Weaponizing Open Source
Often, the risks and complexities of running unvetted code - especially in the open-source world - are overlooked or underestimated. This research highlights the potential consequences of blindly integrating external code into your system, emphasizing the importance of Supply Chain Security.
Scenario: You have a goal. You need to ensure the resources in your development pipelines are being configured according to your policy. You find a GitHub project that does exactly what you need. This project is a fork of the widely used Checkov project, which you already use anyway, but adds some useful custom checks.
We explore how the open source tool Checkov, along with Python and Git, can be combined to exfiltrate data covertly. Particularly relevant after the discovery of the XZ Utils backdoor.
Disclaimer
Open source is incredible. The contributions from open source developers, who voluntarily maintain widely used projects, provide immense benefits to the community. This post is not intended to detract from the value of their work, but rather to emphasise the importance of understanding the potential risks involved when integrating external code into your system.
Checkov 101
Checkov is often integrated into build pipelines (in a CI/CD system) and can also be run locally. It is packed as a command line tool that runs a series of checks against the resources targeted by the scan. Example:
Focusing on what happens when we are specifying extra custom checks in Checkov, we can either:
- Specify a directory with the extra checks' code:
checkov --directory *path/to/resources* --external-checks-dir *path/to/custom/checks*
- Specify a Git repo that contains the extra checks' code.

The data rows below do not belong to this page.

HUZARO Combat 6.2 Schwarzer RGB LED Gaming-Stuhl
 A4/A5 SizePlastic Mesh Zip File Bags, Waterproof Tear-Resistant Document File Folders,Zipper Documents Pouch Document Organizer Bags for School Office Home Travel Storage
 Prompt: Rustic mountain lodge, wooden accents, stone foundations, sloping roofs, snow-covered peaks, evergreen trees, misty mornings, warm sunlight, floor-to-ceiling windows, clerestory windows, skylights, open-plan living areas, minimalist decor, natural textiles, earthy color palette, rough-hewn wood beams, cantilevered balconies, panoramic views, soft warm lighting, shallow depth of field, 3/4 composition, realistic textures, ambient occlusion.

checkov --directory *path/to/resources* --external-checks-git *customchecks_giturl*
Whichever the way chosen, Checkov checks are really just running code, and Python-based custom checks, are really just running custom Python code.
Going back to the original scenario. You are almost achieving your goal of ensuring that all your resources are configured according to custom checks, and this is enabled by the (free!) custom extra checks you found. Great win. What can go wrong?
Data Exfiltration with Python and Git
When running Checkov checks (custom or not), you are running code, in your environment, with all the permissions the user runinng it has. This is a great foothold into your environment.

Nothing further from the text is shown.